Ce texte est un « article presslib’ » (*)
Vendredi, en une seule séance des marchés à terme, l’or a perdu 5,8 % de sa valeur, et l’argent-métal, 17,8 %. Vu l’état actuel des marchés financiers et de l’économie en général, qui amorce depuis quelques semaines la deuxième branche de l’évolution en « W » ayant débuté en 2007, la chose pourrait apparaître surprenante, le métal précieux étant le prototype-même de la valeur-refuge.
En réalité, le fait que le prix des métaux précieux – et l’or en particulier – grimpait régulièrement depuis le mois de février, doit être interprété rétrospectivement comme un signe de la relative bonne santé des marchés financiers durant les trois premiers quarts de l’année. Car si le prix de l’or et de l’argent baisse en ce moment, ce n’est pas parce qu’ils ont cessé de jouer le rôle de valeur refuge, c’est parce que certains qui en possèdent le vendent en ce moment, non pas pour réaliser leurs gains mais parce qu’ils ne peuvent pas faire autrement : pour payer leurs dettes qui se creusent ailleurs, ou parce que les chambres de compensation des marchés où ils sont positionnées leur adressent des appels de marge, c’est-à-dire leur enjoignent d’approvisionner leur fonds de réserve, en raison des pertes qu’ils subissent là.
Autrement dit, les ventes d’or et d’argent auxquelles on a assisté la semaine dernière et vendredi en particulier, ne sont rien d’autre que les ventes en catastrophe d’intervenants en position délicate. Une personne interrogée hier par le Wall Street Journal signalait en particulier « qu’il semble que des banques européennes vendent de l’or, peut-être pour augmenter l’argent liquide dont elles disposent et étançonner leur bilan ».

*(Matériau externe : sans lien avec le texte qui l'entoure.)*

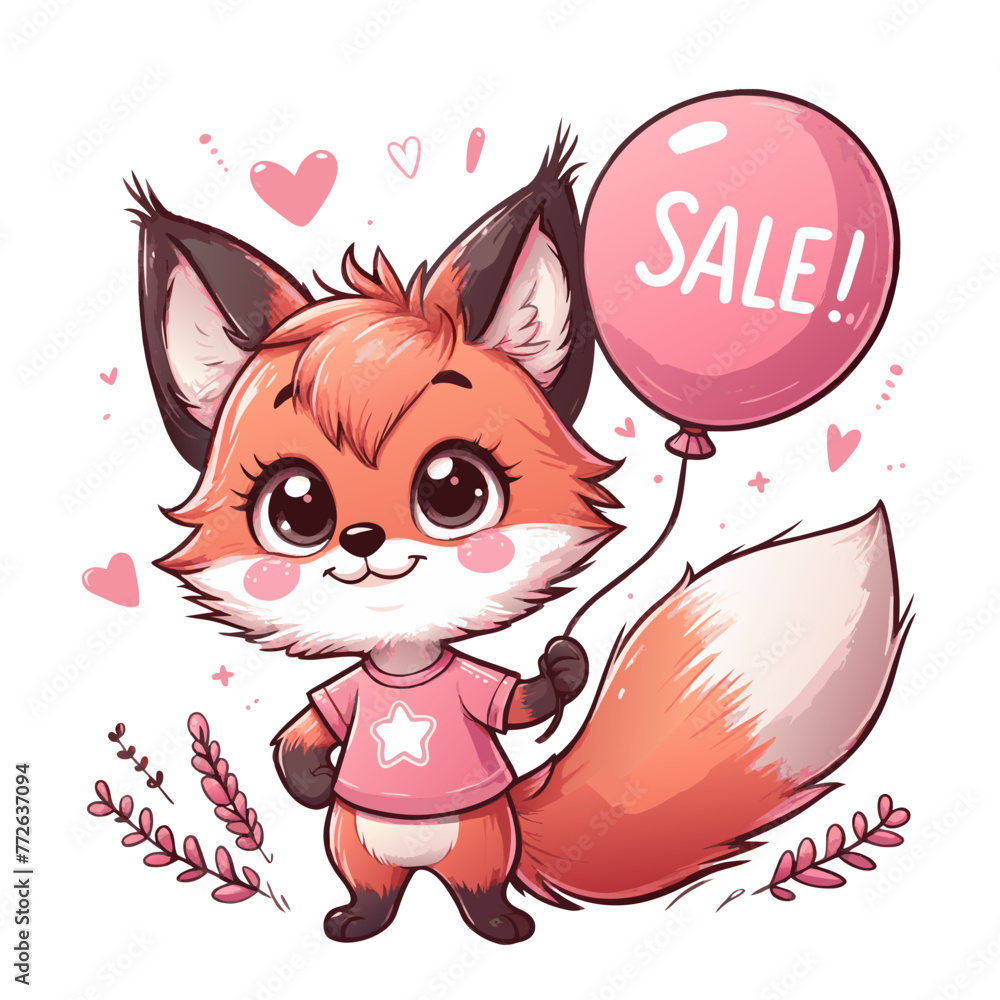 Cute cartoon fox with pink balloon that says 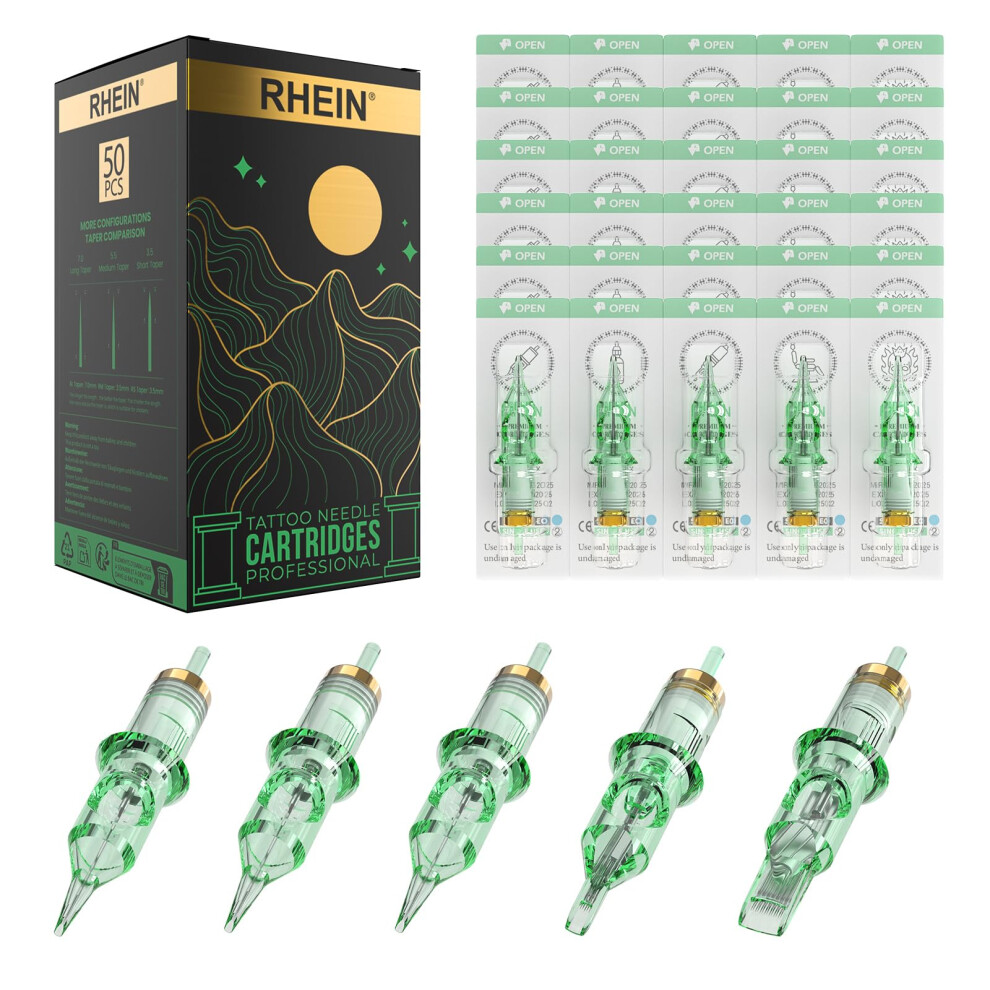 Rhein Tattoo Disposable Cartridges Set Mixed 50Pcs #12 Standard Round Liner/Magnum/Shader 3Rl 5Rl 7Rl 9Rl 3Rs 5Rs 7Rs 9Rs 7Rm 11Rm Accessories For Ma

Lorsqu’on entre dans des périodes de vente à la casse sur les marchés financiers, comme les ventes de métaux précieux dans la journée de vendredi, le plongeon se transforme bientôt en chute en vrille. Gérer le risque de marché exige en effet que le prix de certains produits monte quand celui de certains autres baissent. Or, quand chacun se débarrasse de tout ce qu’il possède parce qu’il n’a en réalité pas d’autre choix, comme c’est le cas en ce moment, le prix de tous les produits s’effondre simultanément. La couverture des positions financières – leur protection contre la perte par la prise de positions sur des produits dont le prix grimpe quand le leur baisse – cesse d’être possible et la gestion du risque entre en régime chaotique. Ce fut le cas vendredi, quand les pertes essuyées obligèrent les intervenants à se délester de certains de leurs actifs, dont la quantité offerte à la vente fit alors baisser le prix, causant des pertes à d’autres intervenants qui furent obligés de faire de même, et ainsi de suite, créant une spirale infernale.
Les mésaventures de M. Adoboli à l’Union de Banques Suisses, révélées la semaine dernière, nous rappelaient de manière dérangeante celles de M. Kerviel au début de l’année 2008. Les ventes à la casse de vendredi nous replongent elles aussi dans l’atmosphère de 2008. Contrairement à ses homologues de la Société Générale qui avaient choisi de se maintenir à la barre, M. Oswald Grübel, P-D.G. d’UBS a préféré démissionner aujourd’hui samedi. Comment interpréter son geste ? Retour en force du sens de l’honneur à la tête des banques ? Ou jet, beaucoup plus troublant, de l’éponge ?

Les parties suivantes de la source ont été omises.